In 2004, partly in response to the Enron debacle, the world’s leading economic
powers made an agreement known as Basel 2.
It proposed a drastic tightening of the so-called “fair value” or
“mark-to-market” rules, whereby banks and other financial institutions define
whether they are solvent and fit to continue trading. Brussels, which is fast
taking over regulation of our financial services, embodied this in two
directives, 2006/48 and 2006/49, known as the Capital Adequacy Directive.
Much of this lays down a complex “Risk Assessment Model”, under which a bank at
the end of each day’s trading must produce a statement of its assets to show
whether or not it is solvent. If not, the bank must declare this to the
regulatory authorities, such as Britain’s Financial Services Authority (FSA),
and cease trading.
As informed observers pointed out at the time, this might not cause problems
when property and share values were rising but when markets fell the banks would
be put in a critical position.
Writing down their assets to the value they would fetch in a “fire sale”,
without allowing for underlying value or future recovery, their asset base might
be so severely undervalued that it would be difficult for them to lend or
borrow, freezing those deals which are the banking system’s lifeblood.
At worst, though technically solvent, they would have to close their doors.
Since the credit crunch began last year, this is precisely what has happened.
Another City economist, Professor Tim Congdon, warned in January that the
“scientific precision of the Basel rules” had been shown to be “hocus pocus”,
explaining how this had already played a key part in the collapse of Northern
Rock. As a “solvent but illiquid bank”, wrote Prof Congdon, Northern Rock’s only
hope was to appeal for help to the Bank of England.
In former times, as the Bank’s governor, Mervyn King, tried to explain to the
Treasury Select Committee in September 2007, he could have sorted it out behind
the scenes, in a rescue operation involving other banks – as had often been done
But Mr King was hamstrung by EU legislation, such as its directives on takeovers
and “market abuse”, as shown by Prof Congdon in a devastating pamphlet, Northern
Rock and the European Union (published by Global Vision).
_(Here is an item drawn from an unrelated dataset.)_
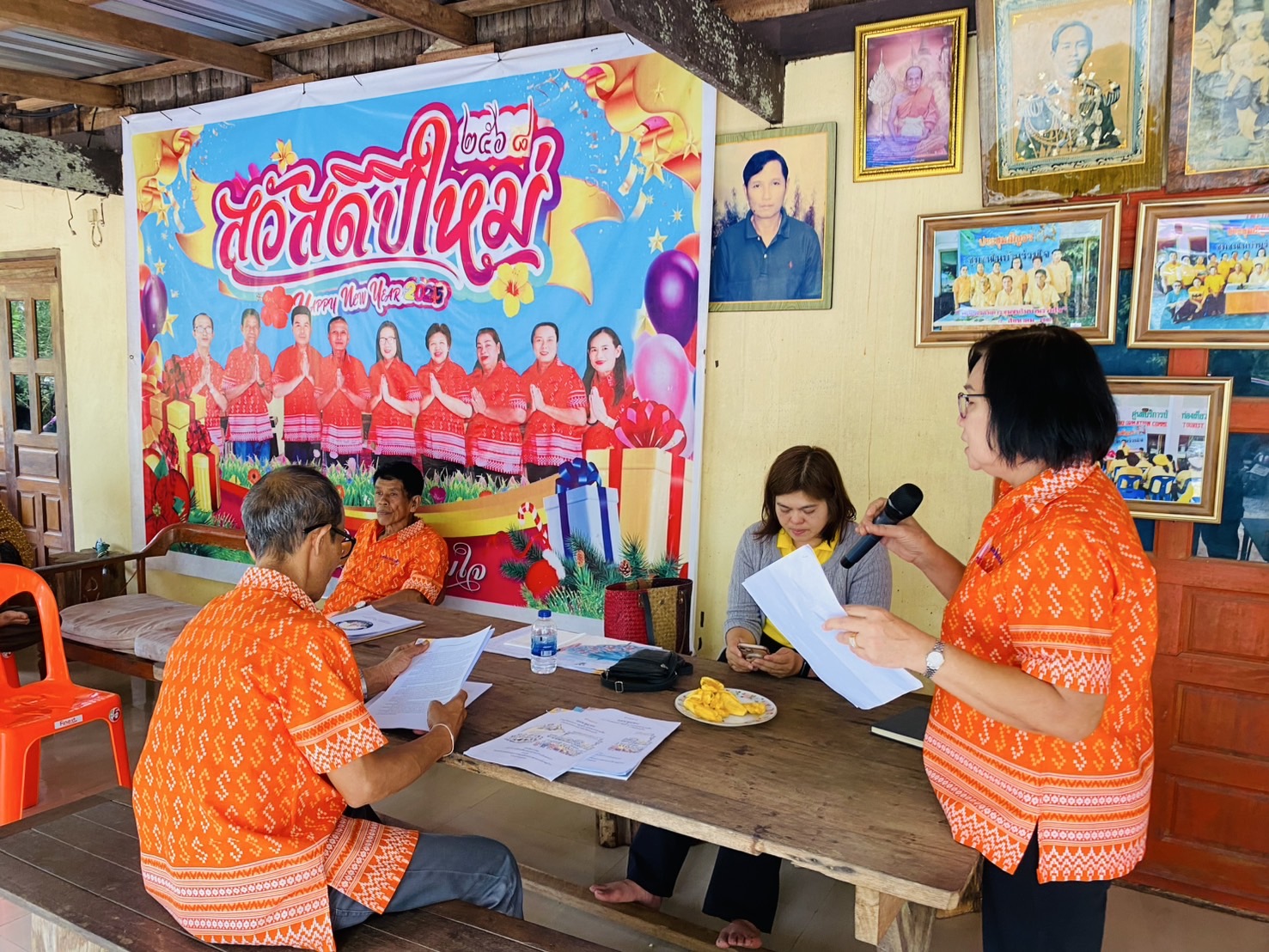 วันอังคารที่ 25 กุมภาพันธ์ 2568 เวลา 13.00-16.00 น. นายอภิชาติ สวัสดี นายกเทศมนตรีตำบลเคียนซา พร้อมด้วย คณะผู้บริหาร ท้องถิ่นอำเภอ พัฒนาการอำเภอ ผู้นำท้องถิ่น หัวหน้าส่วนราชการ และเจ้าหน้าที่ที่เกี่ยวข้อง เข้าร่วมประชุมประชาคมเพื่อจัดทำแผนชุมชน ชุมชนในบ้านร่วมใจ ณ ที่ทำการในบ้านร่วมใจ ชุมชนในบ้านร่วมใจได้นำข้อมูลที่ได้จากการประชุมพร้อมข้อเสนอมาจัดทำแผนชุมชนของชุมชนในบ้านร่วมใจ เพื่อเป็นแนวทางในการพัฒนาชุมชนให้สอดคล้องกับความต้องการของประชาชนมากที่สุด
The EU’s role makes
nonsense of the claim that Britain’s financial regulation is a “tripartite”
system – Bank, Treasury and FSA.
In reality it is quadripartite, with Brussels the fourth and in many ways most
important player, as we saw when subsequent attempts to sort out the Northern
Rock shambles fell foul of EU competition and state-aid rules.
As Ron Sandler, Northern Rock’s chairman, said when it was nationalised, “the
bank will have to operate according to rules set in Brussels”. Because the EU’s
competition commissioner, Neelie Kroes, failed to grasp the difference between a
loan and state aid, one of her first requirements was that the bank should sack
2,000 employees as evidence that it was being “restructured” .
Thus the EU has become the gigantic “elephant in the room” of our financial
services industry, on which a third of Britain’s income depends. Nowhere is the
effect more damaging than in those directives implementing the Basel 2 agreement
(actively promoted by Britain at the time) that have reduced our banking and
lending system to paralysis.
When Mr Cameron admitted last week that a “new international regulation” which
“automatically downgrades the value of banks” was “making the financial crisis
worse than in previous downturns”, he did not dare risk inflaming his party’s
Eurosceptics by referring to the EU directly. He merely coyly suggested that
“our regulatory authorities” should get together with “the European regulators”
to “address this difficult issue”.
He did not point out that, as the US Securities and Exchange Commission was
abandoning the new rules (supported by the bail-out bill before Congress), all
we have to look forward to is that Gordon Brown, after his “crisis summit” in
Paris yesterday, will air this “difficult issue” at the European Council on
Even if they decide to follow the US lead, it would entail the tortuous
procedure of the Commission drafting a new directive, which could take more than
a year. Meanwhile Europe’s banking system remains frozen, threatening no one
more than Britain – for reasons that none of our politicians dare explain.